Achieving IL6 is a minimum requirement Microsoft must meet as part of the Defense Department’s Joint Enterprise Defense Infrastructure, or JEDI, cloud contract. But the long-delayed multibillion-dollar contract that the Pentagon has awarded to Microsoft twice remains tied up in a court battle with AWS.

Keane did not clarify whether Microsoft has been able to begin moving data or initiate workloads in light of the last court junction.

“We appreciate the process that the [DOD] has gone through and the re-award of the JEDI commission to Microsoft, and we're excited to get to work to help the men and women in uniform, and do that with JEDI,” he said. “Separate to JEDI, as you might imagine, we work extensively across the Department of Defense with the Army, the Air Force, Navy, major agencies, and more—and during COVID, that's been particularly true.”

Keane explained that now “hundreds of thousands” of Defense employees have been making use of Microsoft Teams during the pandemic. Since the novel coronavirus started to disrupt all aspects of life in early March, the company's commercial and federal customers have accelerated the use of needed digital modernization tools to better enable their employees to safely work from home.

“We've seen three years of digital transformation in three months—and that's definitely held true with a lot of government customers,” Keane said.

With that in mind, Microsoft also made a move to make its Windows Virtual Desktop available to IL4 and IL5 customers, as revealed in this latest blogpost.

“So, it's secure. It's also cloud-based, it's up to date,” Keane noted. “And definitely, we have accelerated our work here as a result of what our customers are asking for as they battle COVID.”

Among a range of other announcements, including new functionality within Azure Government Secret, the company also unveiled updates to its tactical edge portfolio for federal customers.  

“What edge to us means is that you can use Microsoft technology and cloud computing anywhere to solve any problem—and this doesn't require that you've got a perfect connection or that you're sitting in a pristine office,” Keane said. “Rather, you can take our technology to solve your hottest problems wherever you are.”

New, first-party edge devices could enable users to boost access to artificial intelligence capabilities, or leverage satellite or other data quickly in more disconnected environments.
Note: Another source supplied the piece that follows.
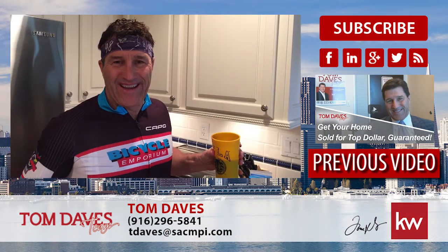So if you have any questions, please feel free to give us a call or send us an email. Thanks and have a great day.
“The smallest fits in a backpack and you can carry it around,” he said.

Each of the offerings links to Microsoft’s Modular Datacenter, which Keane called a “40-foot long, 40,000-pound satellite-connected solution.” It essentially offers what his blog post said is “datacenter scale compute and storage resources for areas in which adverse conditions, disrupted network availability, and limited access to specialized infrastructure would typically prohibit cloud computing.” Microsoft’s offering across the different form factors allows users to run Azure capabilities, even in realms with bad connectivity. 

“You can build an application in the hyperscale cloud and run it at the edge, or you can build it to the edge and then send data to the hyperscale cloud,” Keane said.

This announcement ties into the company’s increasingly sharp focus on efforts around outer space. Together with SpaceX and SES, for instance, Microsoft recently debuted a cloud-computing service for efforts beyond planet Earth. Keane added that it reflects growing interest expressed by both public and private partners for emerging edge offerings.

“All of those different form factors are having a lot of pickup and a lot of popularity,” Keane said.